4.7. Sensory Evaluation of Cooked Rice

The cooked rice was evaluated using the method of GB/T 15682-2008 [33]. Eight evaluators (four male and four female) aged between 18 and 40 were selected to observe, taste, and evaluate the cooked rice, including smell, appearance structure, palatability, and taste, as well as cool rice texture, and total score.

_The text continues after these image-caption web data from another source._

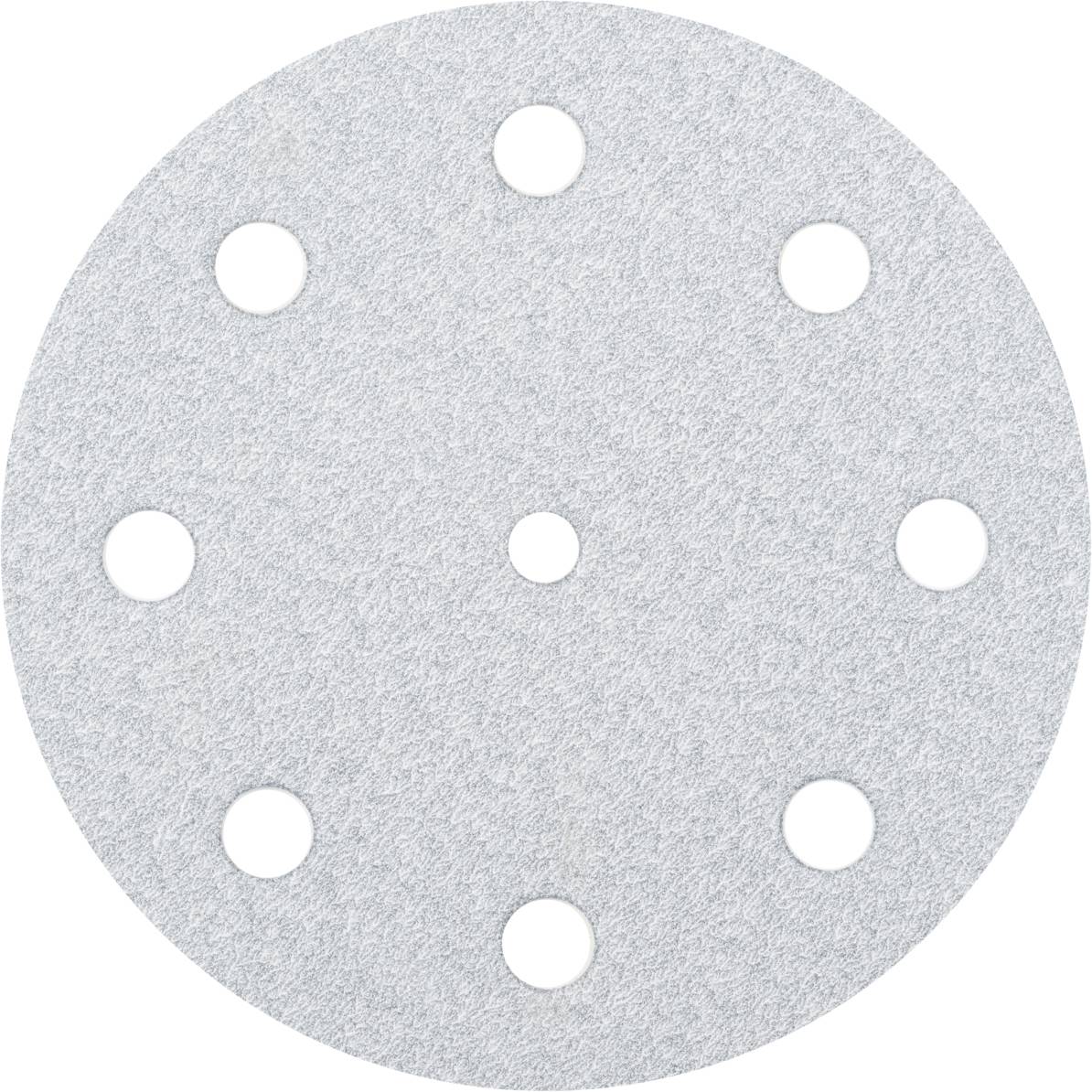 Un disque abrasif rond avec huit trous répartis uniformément. La surface de meulage est rugueuse et gris clair.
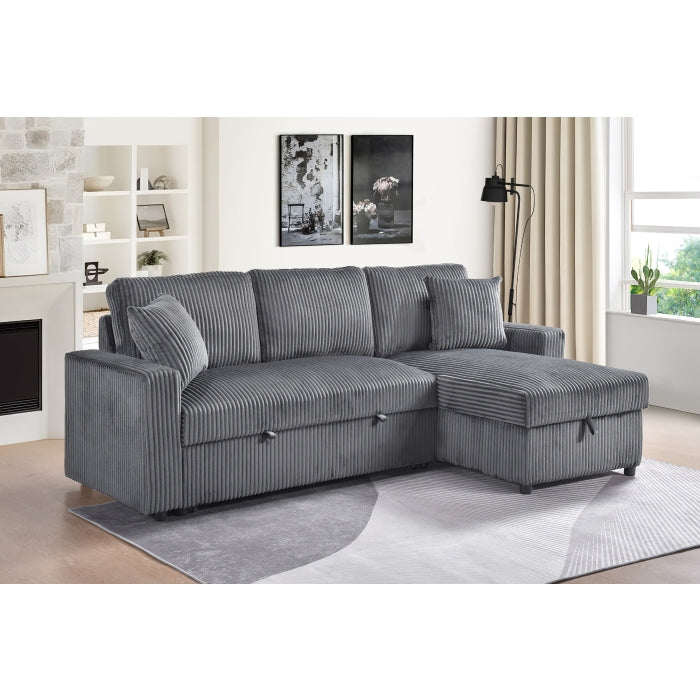 Ellis 2-Piece Sectional with Pull-Out Sleeper, Reversible Storage Chaise, and 2 Pillows, Dark Grey Corduroy image 9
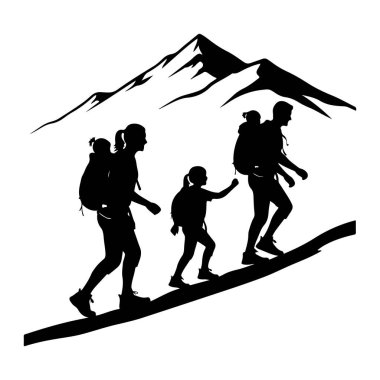 Siyah bir siluet, iki yetişkin ve bir çocuk dahil dik bir yamaçta tırmanan bir aileyi tasvir eder. Yetişkinler sırt çantası taşıyor ve çocuk da bir sırt çantasıyla donatılmış. Arka planda, sivri bir dağ silueti bir w 'ye karşı siluetlenir.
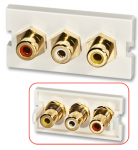 Moodul 3 x RCA F / F, valge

4.8. Scanning Electron Microscopy (SEM)

The cooked rice samples were cooled to room temperature and stored in a −20 °C refrigerator. Before the experiment, the samples were placed in a freeze dryer for lyophilization. The dried samples were fixed on the sample stage with double-sided conductive glue and then sputtered with gold using a vacuum gold particle sprayer (JEC-3000FC type ion sputtering instrument, Japan Electronics Co., Ltd., Tokyo, Japan). The samples were then fixed on the stage of a scanning electron microscope (JSM-IT 700HR type, Japan Electronics Co., Ltd.) and observed at an accelerating voltage of 25 kV with a magnification of 100 to 2000 times.

4.9. Data Analysis

The results were statistically analyzed with SPSS software (Version 17.0, SPSS Incorporated [36]). For the control (CK) and four polydextrose-treated samples within each indica rice variety, one-way ANOVA method and Duncan’s new multiple-range test were, respectively, adopted to compare multiple and pairs of mean values. To observe the effect of the rice variety and polydextrose treatment, the General Linear Model Univariate method was chosen to compare the means by the LSD test. Statistical significance was given at p <0.05 level.